To do :: Among the entries below, tally each line where the word "Cover" appears and state only the total.

Records for the exercise ::
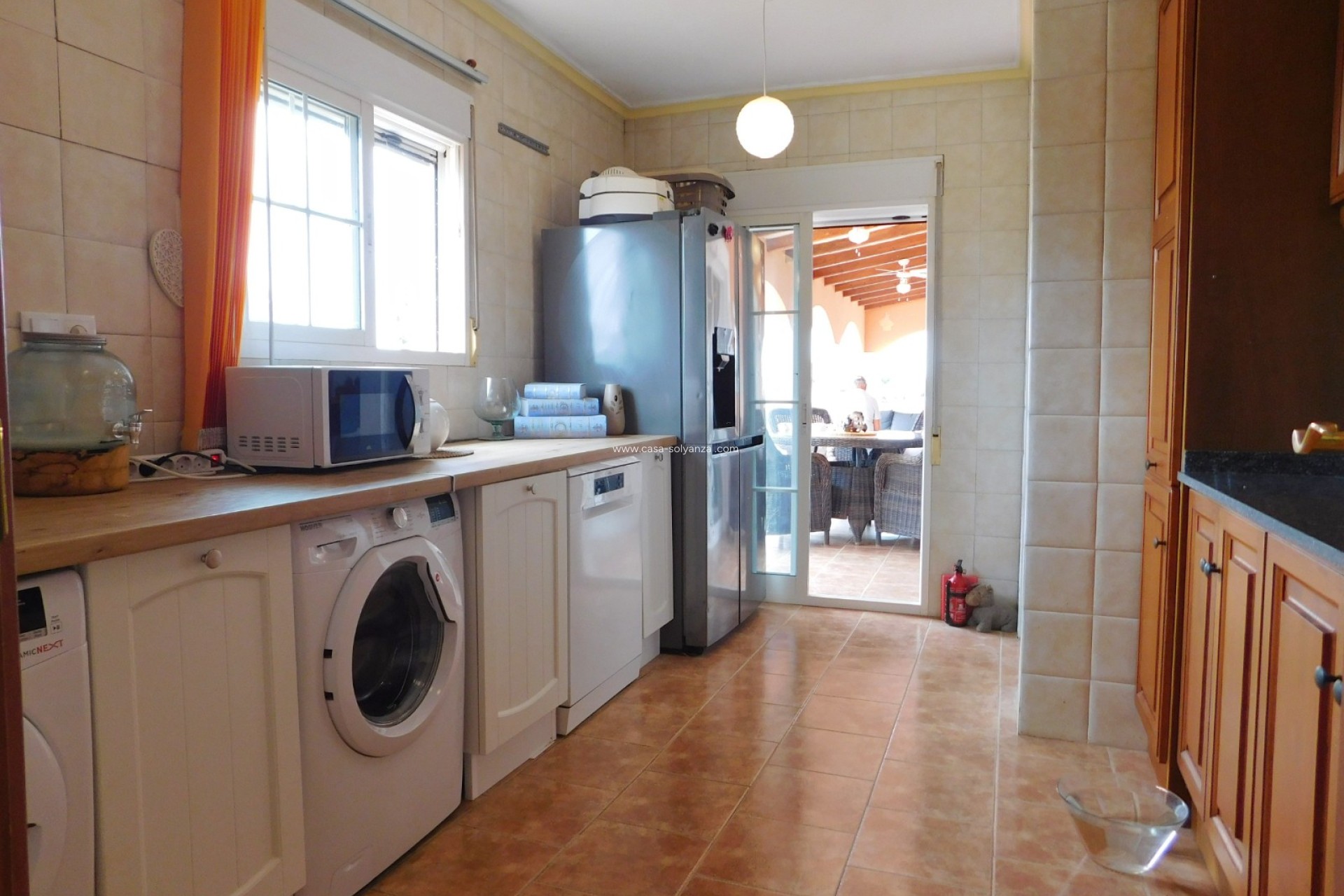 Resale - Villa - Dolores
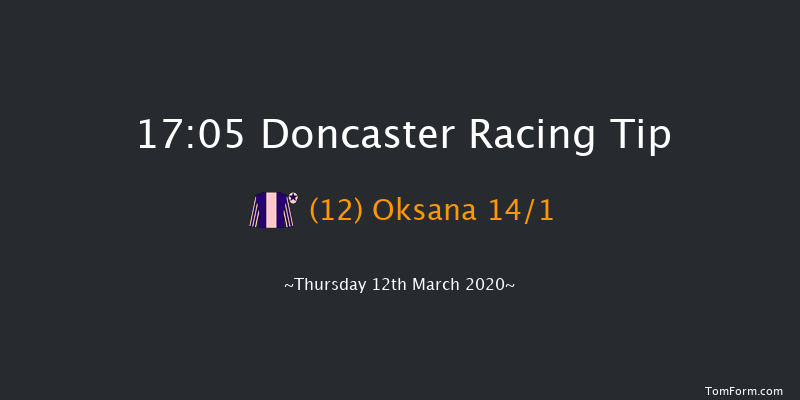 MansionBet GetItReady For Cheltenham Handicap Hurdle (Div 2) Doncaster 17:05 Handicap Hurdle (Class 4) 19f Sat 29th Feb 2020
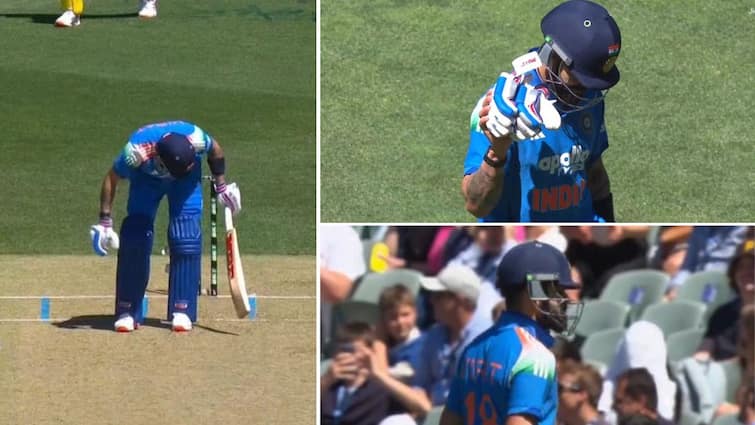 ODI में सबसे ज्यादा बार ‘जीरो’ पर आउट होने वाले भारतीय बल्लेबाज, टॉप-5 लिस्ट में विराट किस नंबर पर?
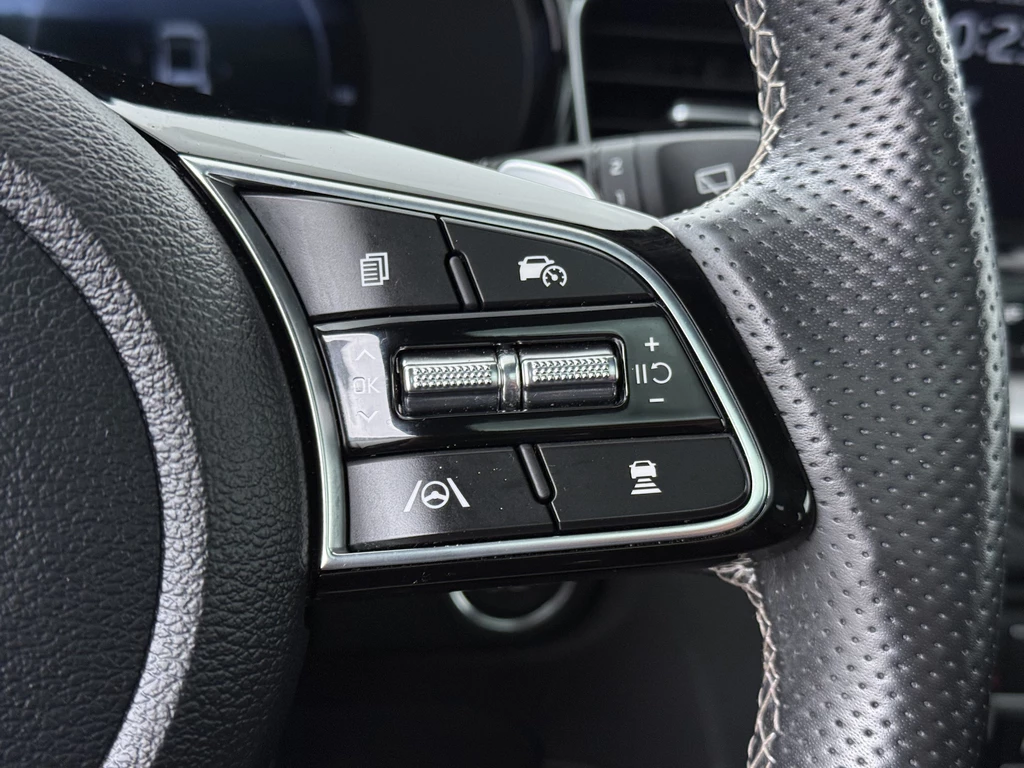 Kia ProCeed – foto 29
---
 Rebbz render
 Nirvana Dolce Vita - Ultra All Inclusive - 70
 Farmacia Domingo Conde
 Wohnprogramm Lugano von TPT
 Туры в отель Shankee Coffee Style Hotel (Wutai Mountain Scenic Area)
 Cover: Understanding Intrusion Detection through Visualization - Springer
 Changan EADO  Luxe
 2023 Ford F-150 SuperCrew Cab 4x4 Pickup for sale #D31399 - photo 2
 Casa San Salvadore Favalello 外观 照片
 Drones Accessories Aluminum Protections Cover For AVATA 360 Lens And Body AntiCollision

Task solution :: 2